After each loan is issued, the lender must make several certifications regarding its compliance with HUD regulations. For example, if the loan was underwritten using an FHA-approved automated underwriting system, the lender must certify to “the integrity of the data” inputted into the system “to determine the quality of the loan,” and it must certify “that a Direct Endorsement Underwriter reviewed the appraisal (if applicable).” (Am. Compl. ¶ 38 (internal quotation marks and brackets omitted)).

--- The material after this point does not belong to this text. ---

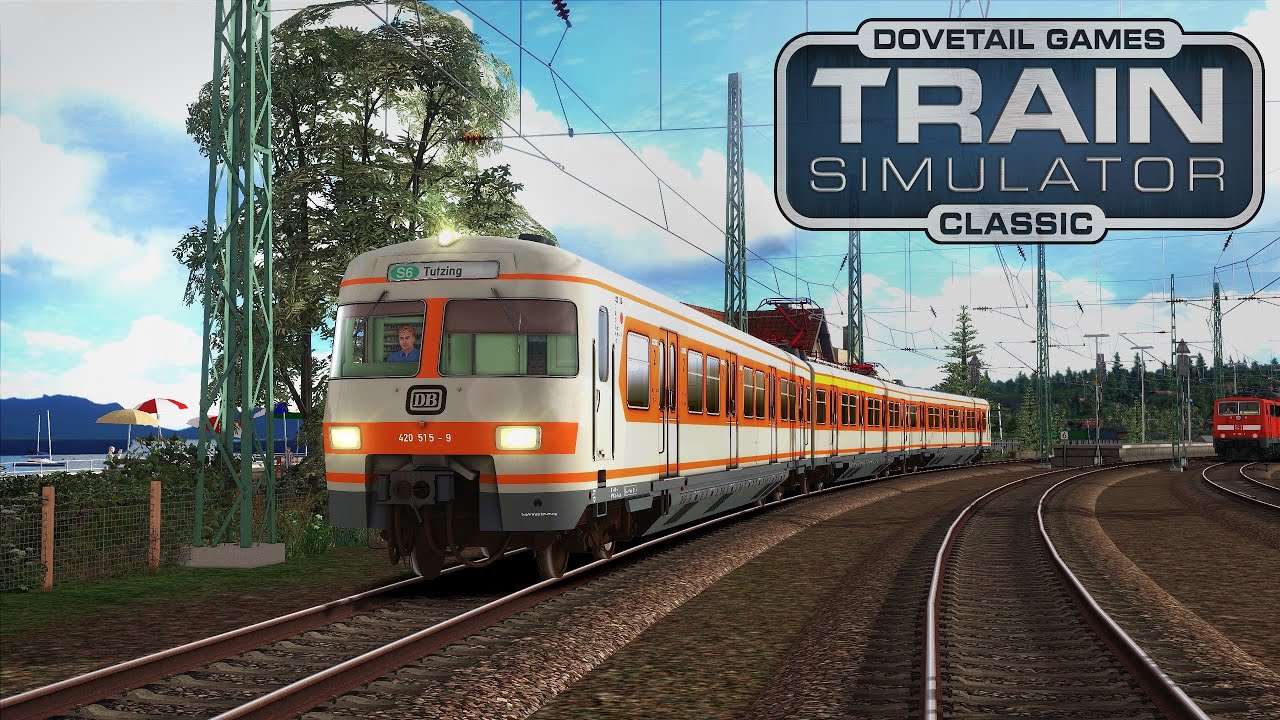 Train Simulator classic DB BR 420 S Bahn M&uuml;nchen S6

If the loan was manually underwritten, the lender must certify that “the underwriter personally reviewed the appraisal report (if applicable), credit application, and all associated documents and has used due diligence in underwriting the mortgage.” ( Id. (internal quotation marks and brackets omitted)). In all cases, the underwriter must certify that he or she

[972 F.Supp.2d 601]

has “personally reviewed the mortgage loan documents, closing statements, application for insurance endorsement, and all accompanying documents.” ( Id.). The underwriter must also “make all certifications required for th[e] mortgage as set forth in HUD Handbook 4000.4.” ( Id. ¶ 39 (internal quotation marks omitted)). And the lender must certify that the mortgage “complies with HUD rules and is eligible for HUD mortgage insurance under the Direct Endorsement program.” ( Id. ¶ 38 (internal quotation marks omitted)).

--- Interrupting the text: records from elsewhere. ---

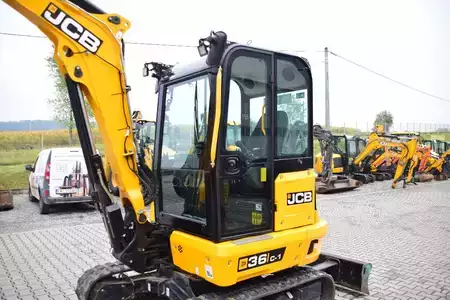 Mini pelle 2023 JCB 36 C-1  JCB 8035 ZTS Kubuta U35 Takeuchi TB235 (7)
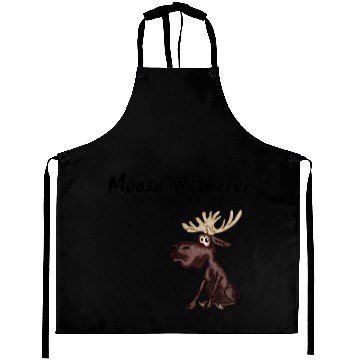 Discover Moose whisperer Aprons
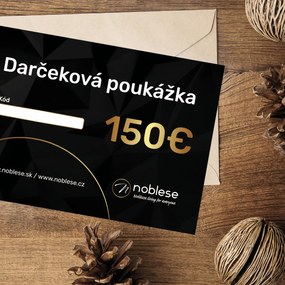 Darčekový poukaz v hodnote 150€ - tlačená verzia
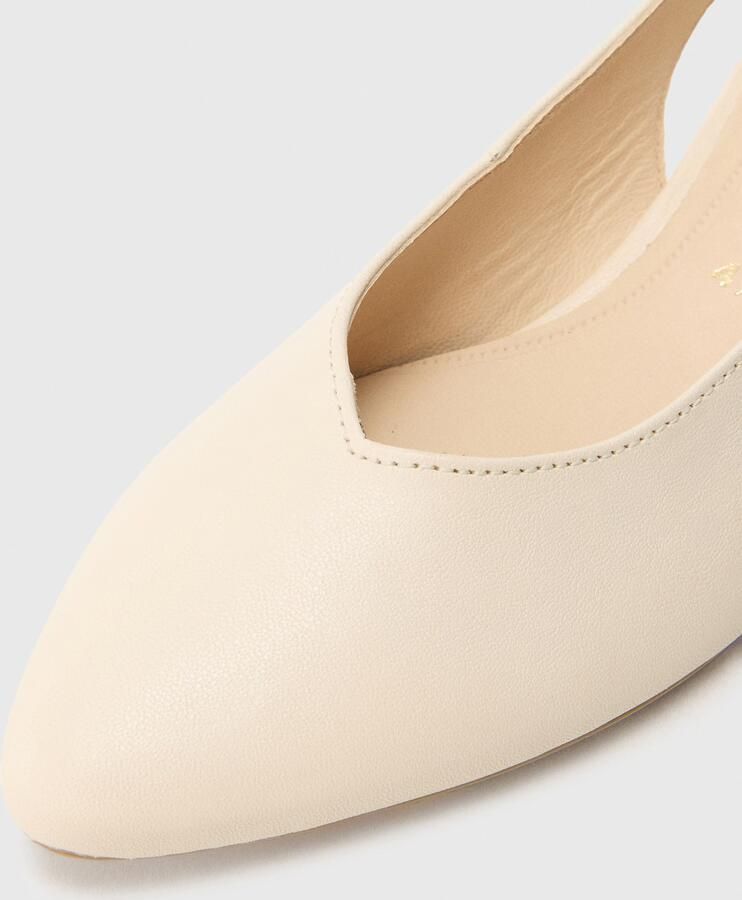 Gabor Dames Pump slingback Beige - Foto 5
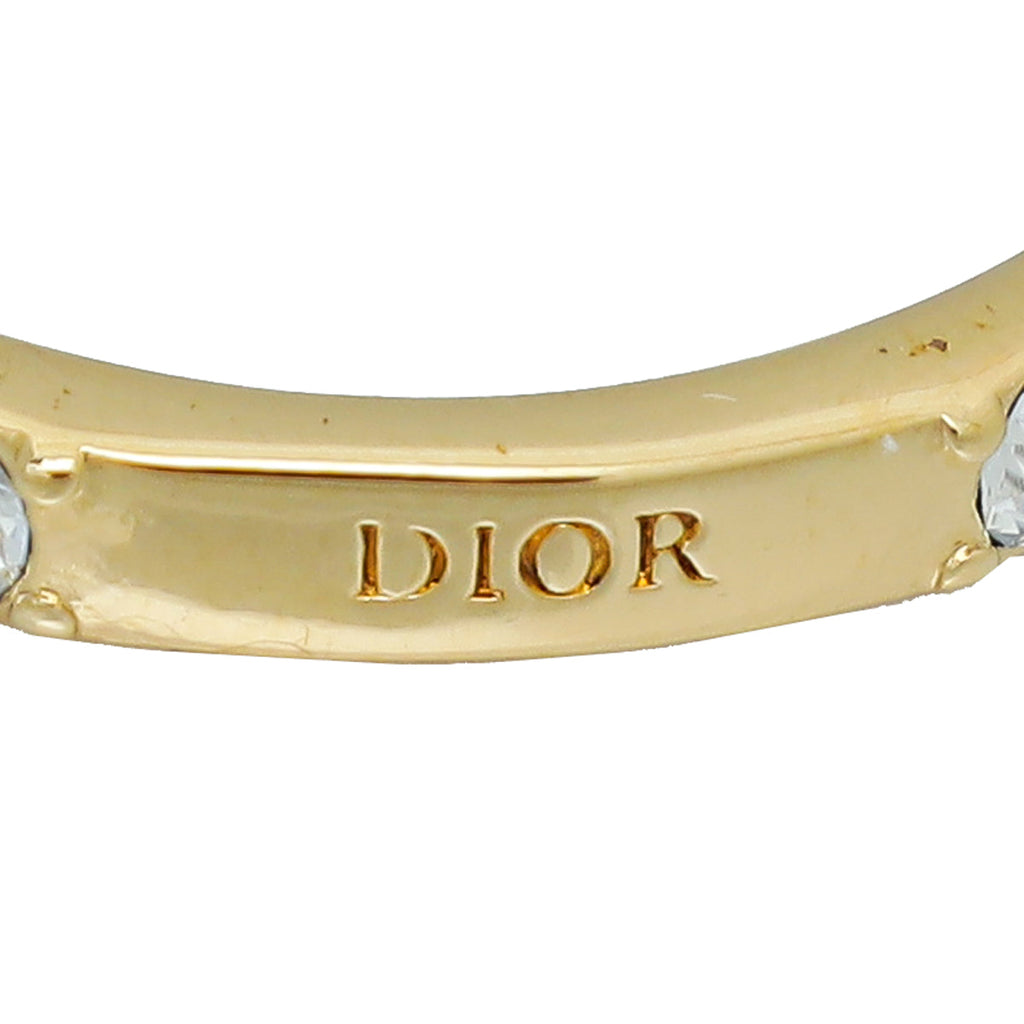Christian Dior White Dio(R)evolution Large Ring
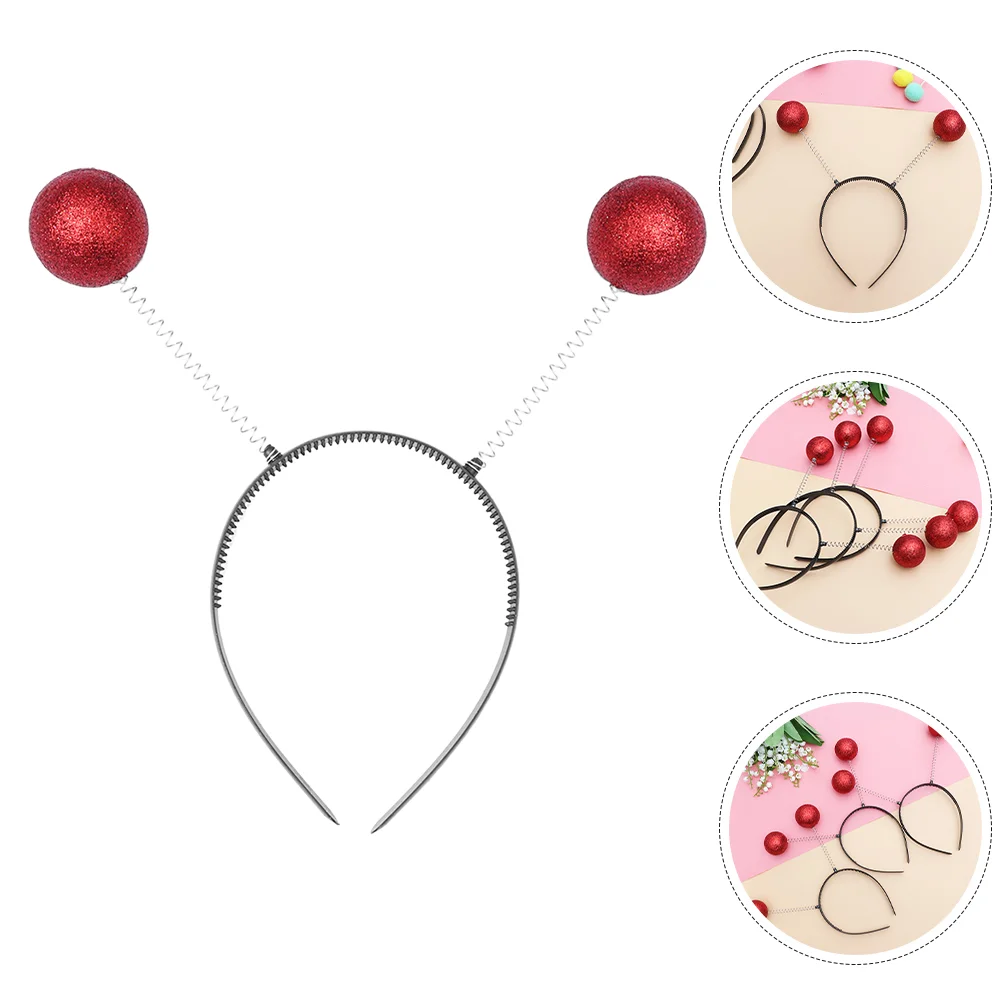 Головной убор для косплея повязка на голову с изображением инопланетянина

If HUD discovers that a loan endorsed for FHA insurance is, in fact, ineligible to be insured, “HUD seeks indemnification from the Direct Endorsement Lender that certified the loan via an indemnification agreement whereby the lender agrees to indemnify HUD should claims for FHA insurance be submitted on that loan.” ( Id. ¶ 40).

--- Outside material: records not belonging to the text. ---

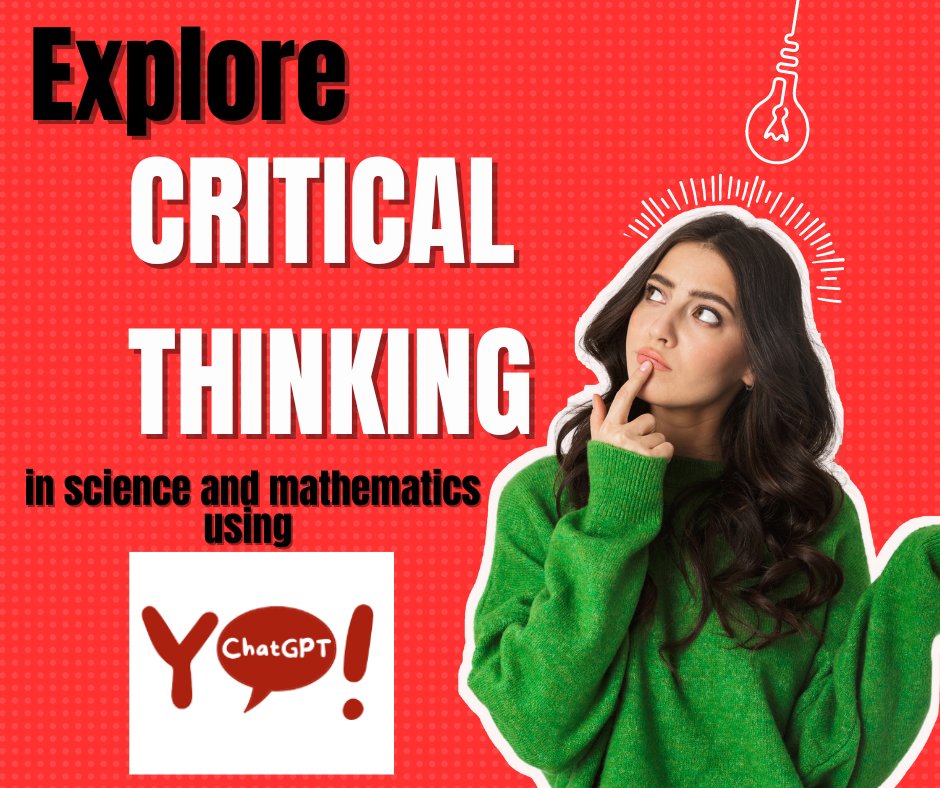 Yochatgptapp's tweet photo. Unlock deeper scientific &amp; mathematical thinking with YoChatGPT! Our AI-powered chatrooms help students analyze data, debate theories &amp; solve problems collaboratively. #STEMEducation #AIinSTEM #EdTech ➡️ https://t.co/JpEylOCrPN https://t.co/lv6oouf0jy
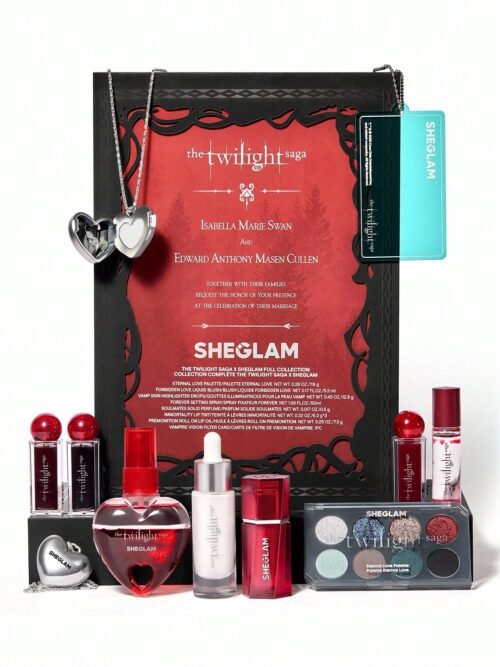 The Twilight Saga X SHEGLAM Full Collection Set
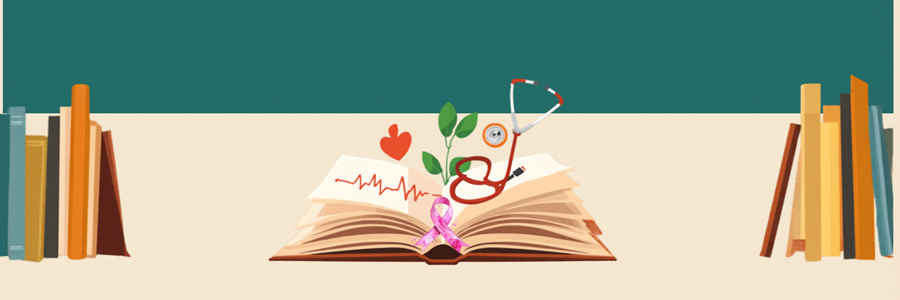 Kolorowa grafika o seminarium.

2. Quality Control and Reporting

In order to participate in the Direct Endorsement Lender program, lenders must implement a quality control system that is independent of the lender's loan origination and servicing departments. ( Id. ¶ 24). HUD's quality control requirements mandate that, among other things, lenders review a random sample of loans each month to ensure they were underwritten in accordance with HUD requirements, and that they review all early payment defaults—that is, loans that default within the first six payments. HUD Handbook 4060.1 REV–2, ¶ 7–6. ( See also Am. Compl. ¶ 24).

HUD provides a rating system by which lenders may evaluate the loans they review. ( Id. ¶ 26). Loans with only minor or no violations of HUD's origination and servicing guidelines are rated low risk; those with violations, but none that is “material to creditworthiness, collateral security or insurability of the loan,” are considered acceptable; mortgages with “significant unresolved questions or missing documentation” are labeled a “moderate risk to the mortgagee and FHA”; and mortgages that contain “material violations of FHA or mortgagee requirements ... represent an unacceptable level of risk” and are labeled “material risk” loans. HUD Handbook 4060.1 REV–2, ¶ 7–4. ( See also Am. Compl. ¶ 26). Lenders are required to report to FHA in writing any “material risk” mortgages they identify. HUD Handbook 4060.1 REV–2, ¶ 7–4. HUD also requires that lenders report any “ ‘[s]erious deficiencies, patterns of non-compliance, or fraud’ ” they discover “within 60 days.” (Am. Compl. ¶ 28 (quoting HUD Handbook 4060.1 REV–1, CHG–1, ¶ 6–13)). In addition to reporting these violations to HUD, quality control review findings must also be reported to lenders' “ ‘senior management,’ ” which is required to “ ‘take prompt action to deal appropriately’ ” with the problems. ( Id. ¶ 30 (quoting HUD Handbook 4060.1 REV–2, ¶ 7–3(I))).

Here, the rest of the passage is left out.